Why I Support the Death Penalty for Dzhokhar Tsarnaev...

The problem is that we don’t write the law for each person individually. What accounts for one accounts for them all. It matters because there isn’t a way - or at least a workable way that I can see - to have a “Oh, we’re damn sure on this guy, fry him” law that couldn’t also affect people innocent of the charges. Or grant that power to judges to decide.

The argument is applicable because there isn’t a “what is the sentence for the certainty of the crimes that this one guy did” law in the books. Law isn’t specific to one conviction. We only have one “net”; it has to work for every case. Want to make sure it has absolutely no holes at all? You can do that. But then the actually innocent people won’t have a way out, either.

Damn. Check a dictionary.

So it takes courage to kill a prisoner, does it? Interesting.

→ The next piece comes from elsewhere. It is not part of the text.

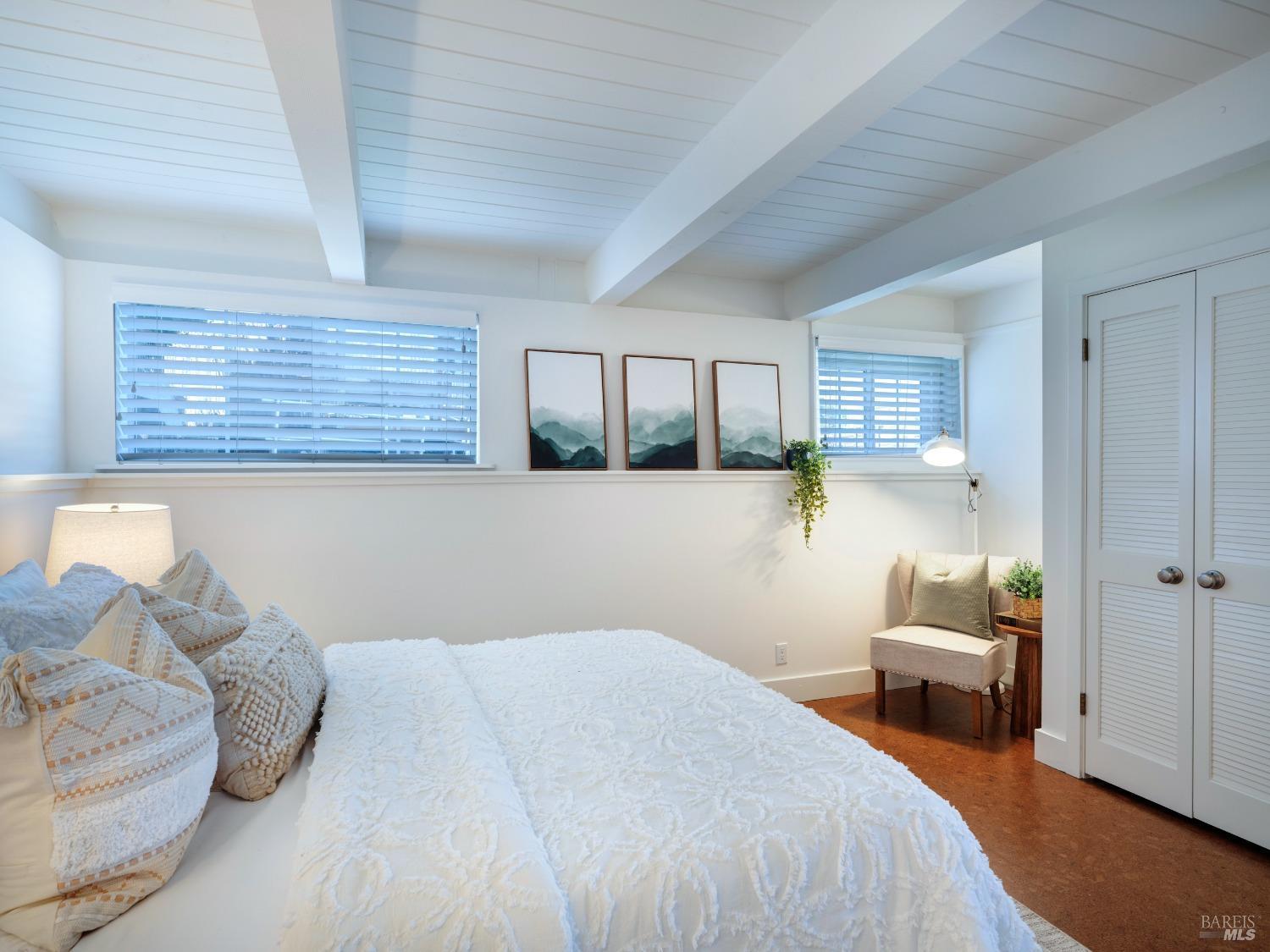 Detail Gallery Image 19 of 37 For 46 S 40 Dock Unkn, Sausalito,  CA 94965 - 2 Beds | 1/1 Baths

Sure we do. We just repeat over and over again that “They’re guilty!”

Cameron Todd Willingham.

http://www.washingtonpost.com/sf/national/2014/08/03/fresh-doubts-over-a-texas-execution/

What I would like to see is Tsarnaev to get life, and every 5 years blow off another of his limbs.

Stake him out on an ant hill and let the relatives of victims peel his skin off with razor blades.
:rolleyes:

How is this unique to to Dzhokhar Tsarnev? Basically you are saying you support the Death Penalty and it has nothing to do with the Boston Marathon Bomber.

So, why bring that up?

Willingham was guilty.

Pretty good predictive powers there, Typo.

Personally I don’t think he should get the death penalty because I have yet to see clear evidence of him planting a bomb.

I probably am not understanding your argument, but it sounds like you are extending the notion that we can’t execute people who are absolutely, positively guilty because there might be others who are not really guilty. Again, I don’t think the argument applies to those who are absolutely, posititvely guilty - it has to do with others who are only guility beyond a reasonable doubt.

And your argument that making sure there are absolutely no holes in a law is necessary only works if aboltion of the DP meant that nobody would ever be wrongfully sentenced to life without parole, and nobody who was sentenced to life without parole ever killed anyone else. There are at least as many cases of murderers who were not executed who went on to kill again as people who were wrongly executed, at least in the last fifty years or so.

IOW if you “want to make sure it has absolutely no holes at all”, innocent people will die either way. Therefore the best alternative is to implement the system whereby the least number of innocents die. We use the DP in the current system - rarely and after long delays, but occasionally - and under that system, one innocent person was executed (maybe ). But we don’t usually execute, and thus Robert Stroud and Ed Wein and Ed Kemp and Arthur Shawcross (and many others) went on to kill again.

Regards,
Shodan

I think the argument (which I agree with) is that there is no legal method we can conceive of to separate those who are “absolutely, positively guilty” from those who are less certainly guilty in terms of the death penalty. There’s no way to only 100% guaranteed apply the death penalty to the “absolutely, positively guilty”.

I don’t apply the same reason to life without parole, since that is reversible – new evidence can be found and brought to light, pardons can be issued, etc.

But every person who voted guilty on a jury believed the defendant to be absolutely, positively guilty.

Only beyond a *reasonable *doubt, not *all possible *doubt.

We execute people when there is possible doubt they are not guilty?

Legalese for a juror may not be certain, but the prosecutor is, so vote guilty.

Not often. We do find people guilty when doubt is possible but not, according to the jury or judge, reasonable.

Um, what?

It seems to me that it tilts towards a guilty verdict. I wouldn’t vote a guy guilty of a parking ticket if there were possible doubt. It seems to me to be a legal term invented to cause a juror with a small amount of doubt to vote guilty.

Possible =/= reasonable. You vote guilty if it’s beyond merely a reasonable doubt.

Not sure what your problem is.

If there is a possible doubt, I wouldn’t vote guilty. The guy may be innocent.